**WHAT YOU NEED TO DO**
A precise reproduction of every record below is needed, minus the pictures.

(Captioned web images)
────────────────────

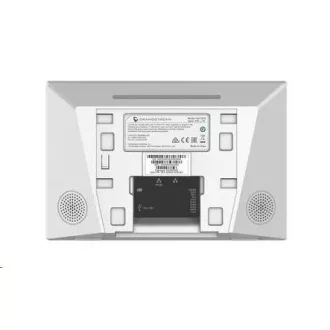 Grandstream GSC3570 Domofon in nadzorna postaja SIP, Wifi, Bluetooth, bela Grandstream GSC3570 Domofon in nadzorna postaja SIP, Wifi, Bluetooth, bela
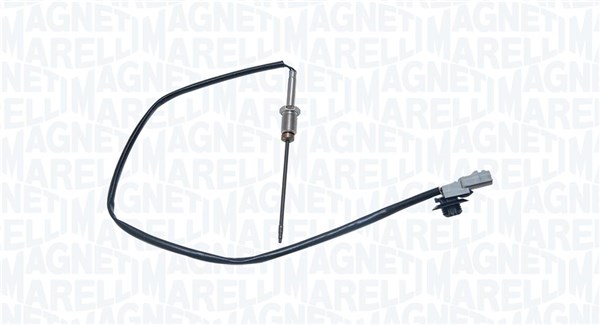 Išmetamųjų dujų temperatūros jutiklis MAGNETI MARELLI 172000595010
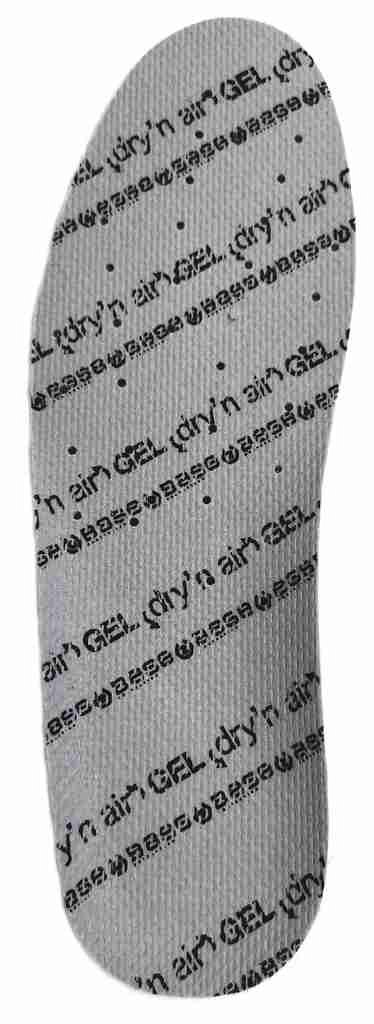 Plantare Dry'n Air Gel Man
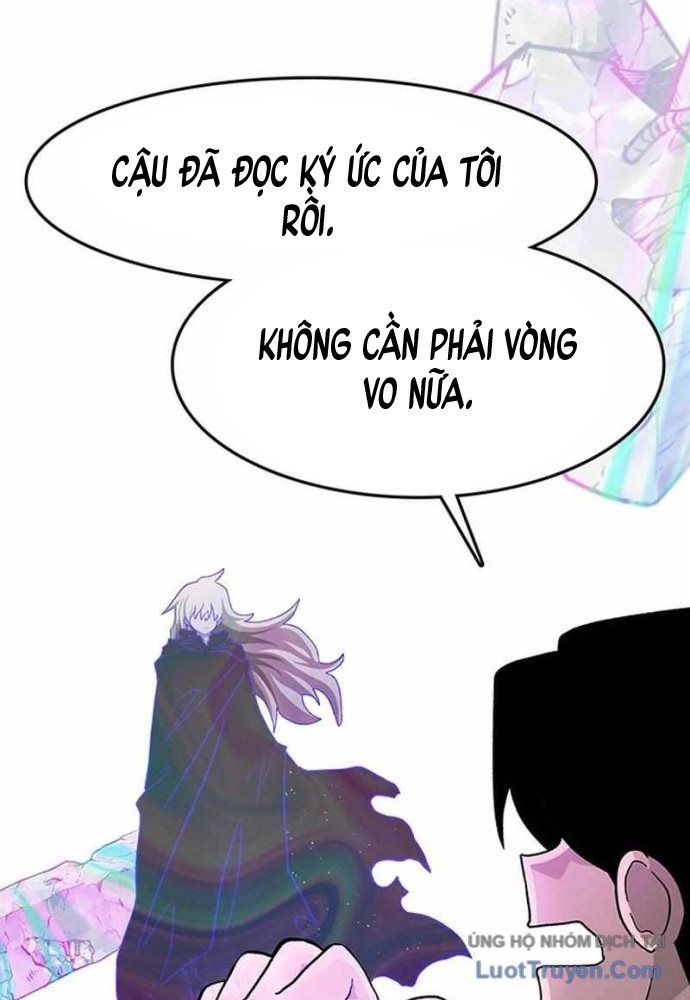 Vết Mờ Của Quá Khứ: Chapter 3
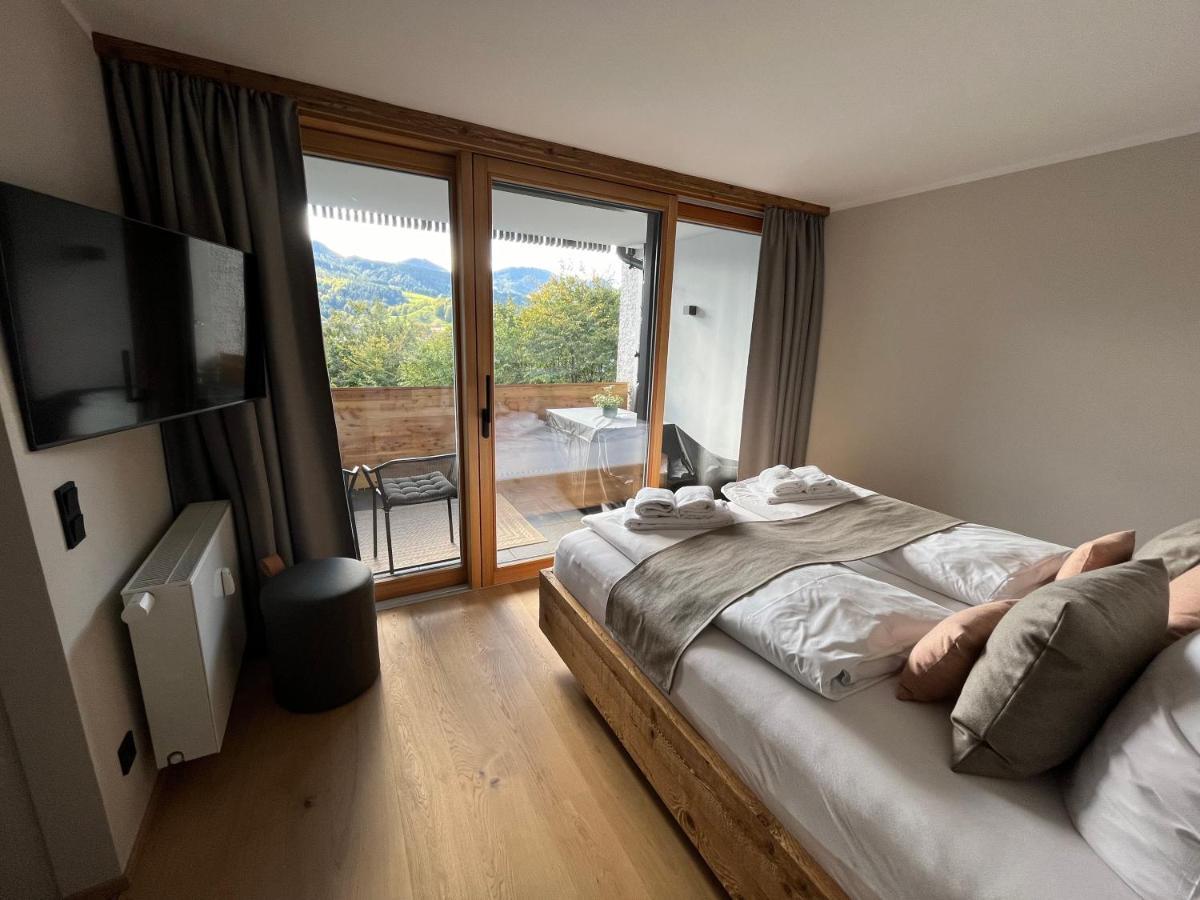 Das Kirchbichl - Stylisch Laessig, Mit Eigener Sauna Schliersee Exteriér fotografie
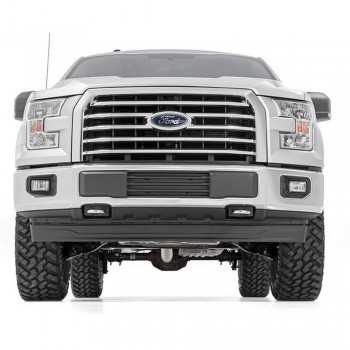 Kit suspension 3" Rough Country - Ford F150 2014-2019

────────────────────

**ANSWER TO THIS EXERCISE**
 Grandstream GSC3570 Domofon in nadzorna postaja SIP, Wifi, Bluetooth, bela Grandstream GSC3570 Domofon in nadzorna postaja SIP, Wifi, Bluetooth, bela
 Išmetamųjų dujų temperatūros jutiklis MAGNETI MARELLI 172000595010
 Plantare Dry'n Air Gel Man
 Vết Mờ Của Quá Khứ: Chapter 3
 Das Kirchbichl - Stylisch Laessig, Mit Eigener Sauna Schliersee Exteriér fotografie
 Kit suspension 3" Rough Country - Ford F150 2014-2019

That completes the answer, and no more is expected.